### WORK TO BE COMPLETED
Only the lines below from the one that holds "Once installed, it's" through the one that holds "There are four" should appear in the answer, copied exactly, end lines included and pictures omitted.

──────────────────────────────

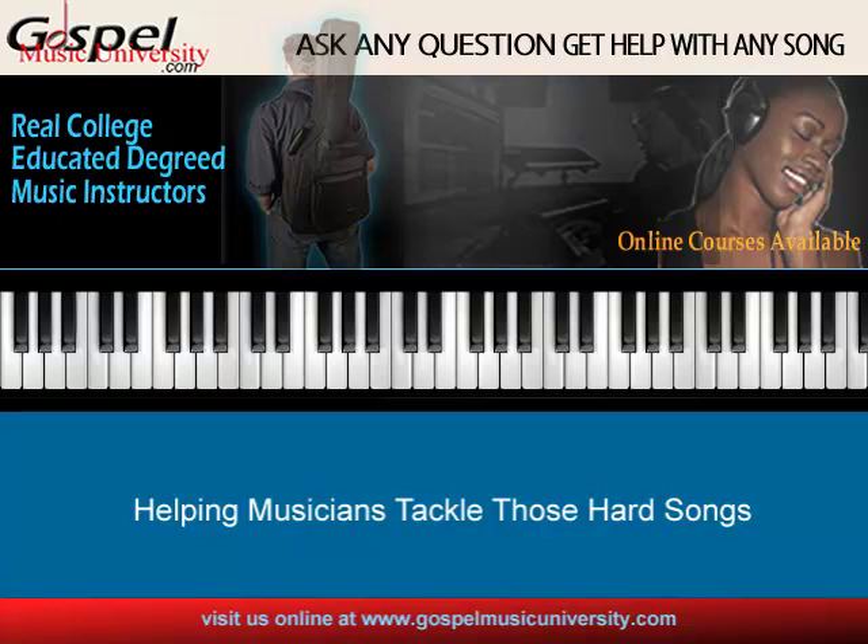In my online course, Contemporary Keyboard Harmony One, I talk about diatonic chords. And I give you exercises to practice with diatonic chords. Diatonic chords are chords that are created from the major scale of whatever key you're in. If I'm in the key of B-flat major, then there's a series of B-flat diatonic chords that we use in contemporary music.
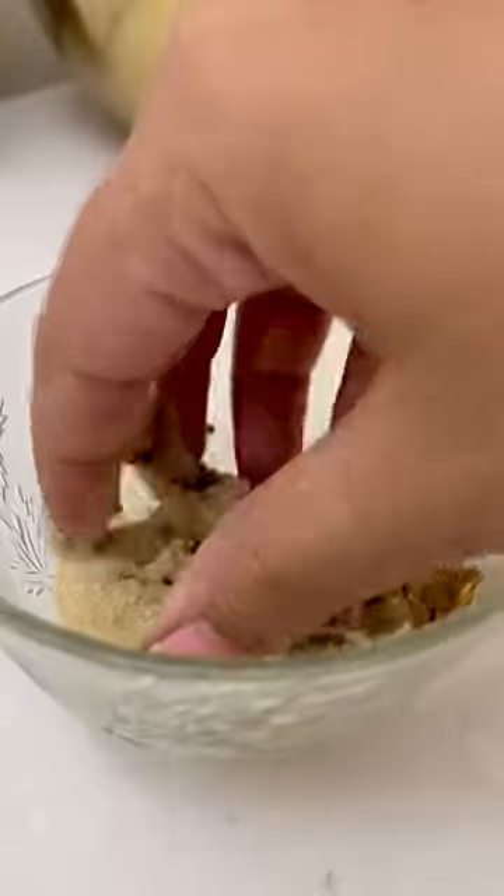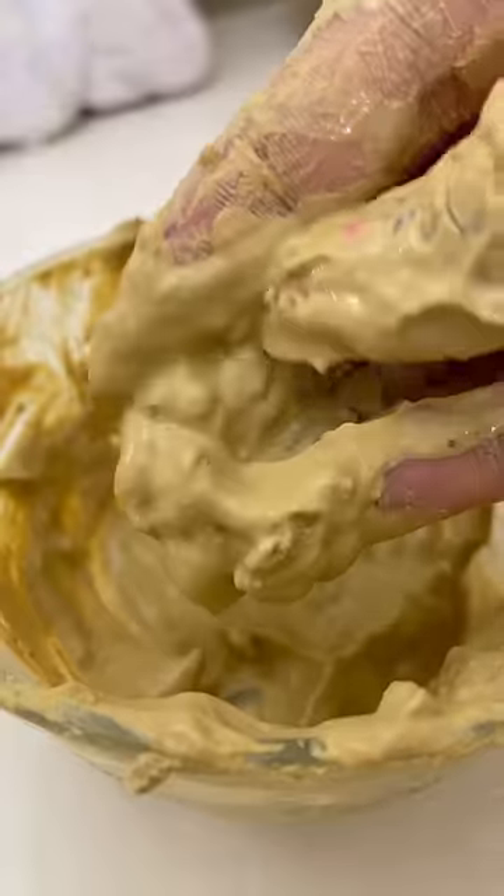Multani Mitti as a mixture is time consuming to prepare. That's why Mammoth's Multani Mitti face mask is also super convenient to use. If you use my code and buy these products, you will get an additional 20% off. It will make your skin glow from Multani Mitti.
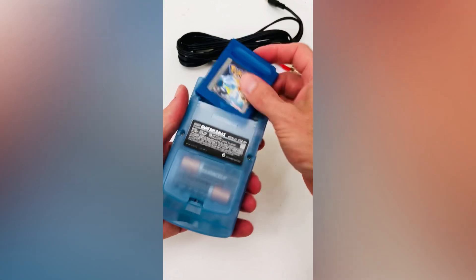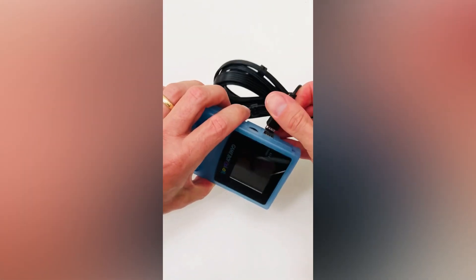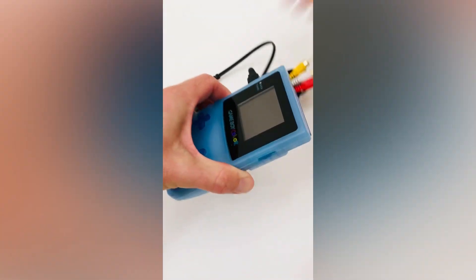Once installed, it's as easy as selecting your favourite game, installing your batteries and connecting the specialised cable to your communication port, then plugging into your TV.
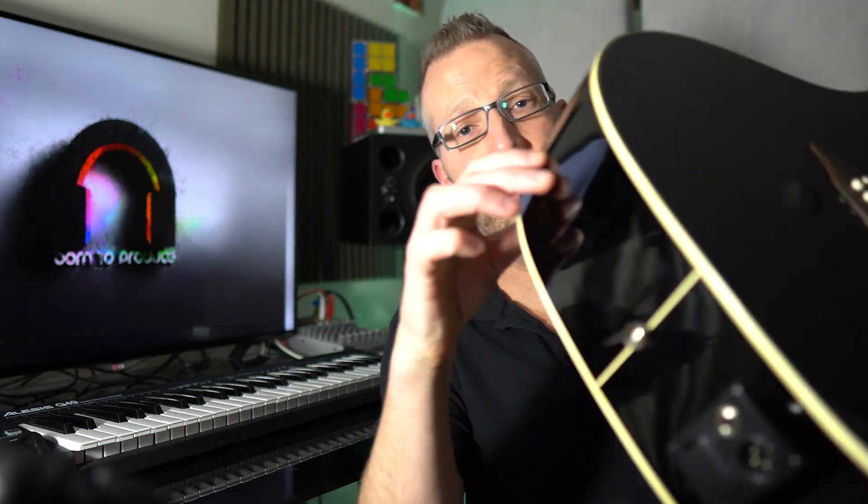Hi guys and welcome back to the Cubase beginners course. We're now going to record a guitar, because up until now we've only recorded sounds that are within Cubase such as the drums and a piano. This is an electro acoustic and we're going to record this guitar using these connections on the side.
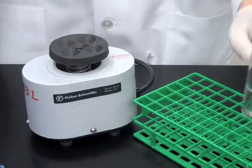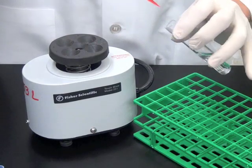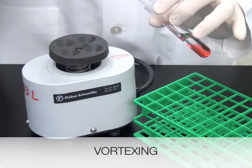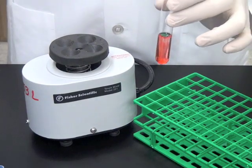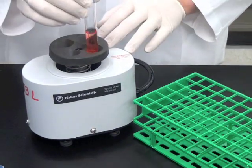There are four ways to mix the solution. The default method is vortexing. To vortex, touch the tube on the vortexer and allow a vortex to be created throughout the entire solution.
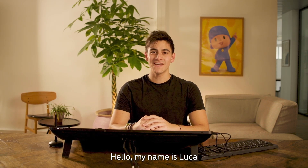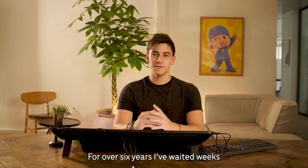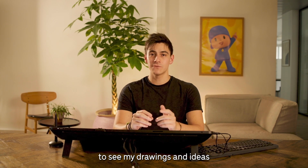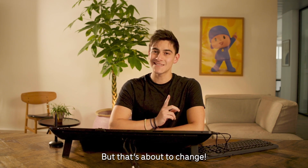Hello, my name is Luca and I'm a storyboard artist. For over six years, I've waited weeks to see my drawings and ideas come to life in 3D animation. But that's about to change.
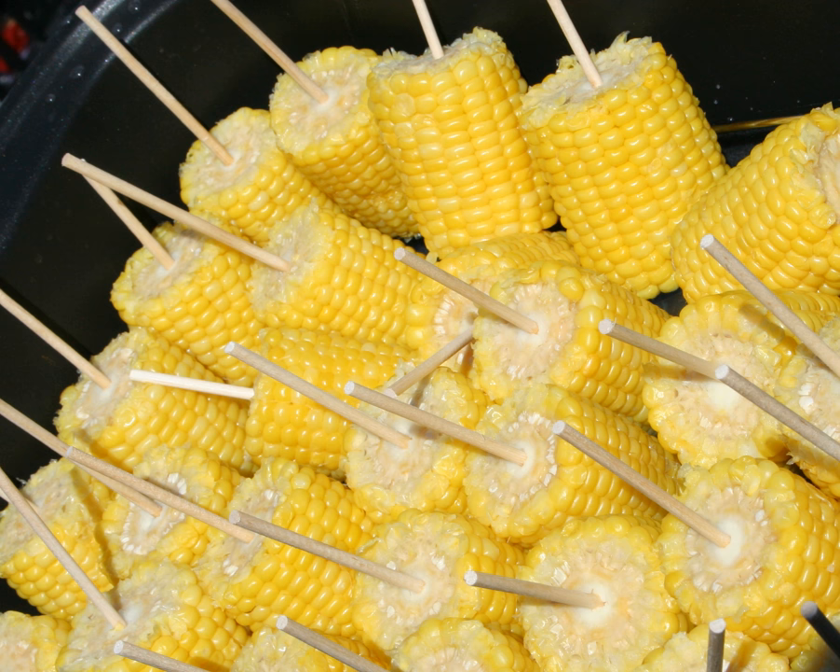Elote is a popular street food in Mexico, although it is frequently served at home prepared in the same way — boiled or grilled in husk. It is customarily consumed on a stick or by grasping the husk of the cob, which has been pulled down to form a handle. Condiments such as salt, chili powder, butter, cotija, lemon juice or lime juice, and mayonnaise are usually added.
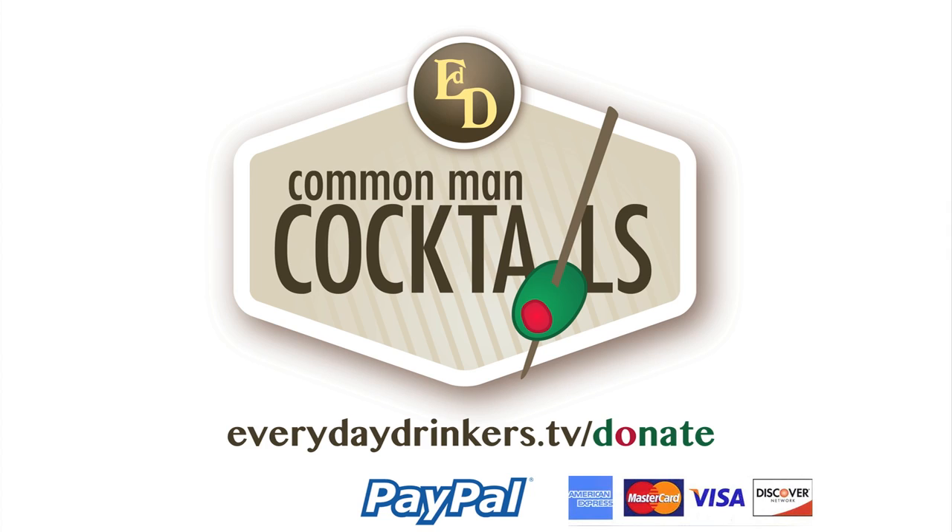Today we're making green tea for people who like alcohol, because that's what we do. It's Common Man Cocktails. This episode is sponsored by Stefan, Joseph, Linda, Ray, Amy, and many others. Thanks for supporting the show. You can show your support by donating at everydaydrinkers.com/donate. Welcome to Common Man Cocktails. I'm your host, Derek Shomer.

──────────────────────────────

### WRITTEN ANSWER
Once installed, it's as easy as selecting your favourite game, installing your batteries and connecting the specialised cable to your communication port, then plugging into your TV.
Hi guys and welcome back to the Cubase beginners course. We're now going to record a guitar, because up until now we've only recorded sounds that are within Cubase such as the drums and a piano. This is an electro acoustic and we're going to record this guitar using these connections on the side.
There are four ways to mix the solution. The default method is vortexing. To vortex, touch the tube on the vortexer and allow a vortex to be created throughout the entire solution.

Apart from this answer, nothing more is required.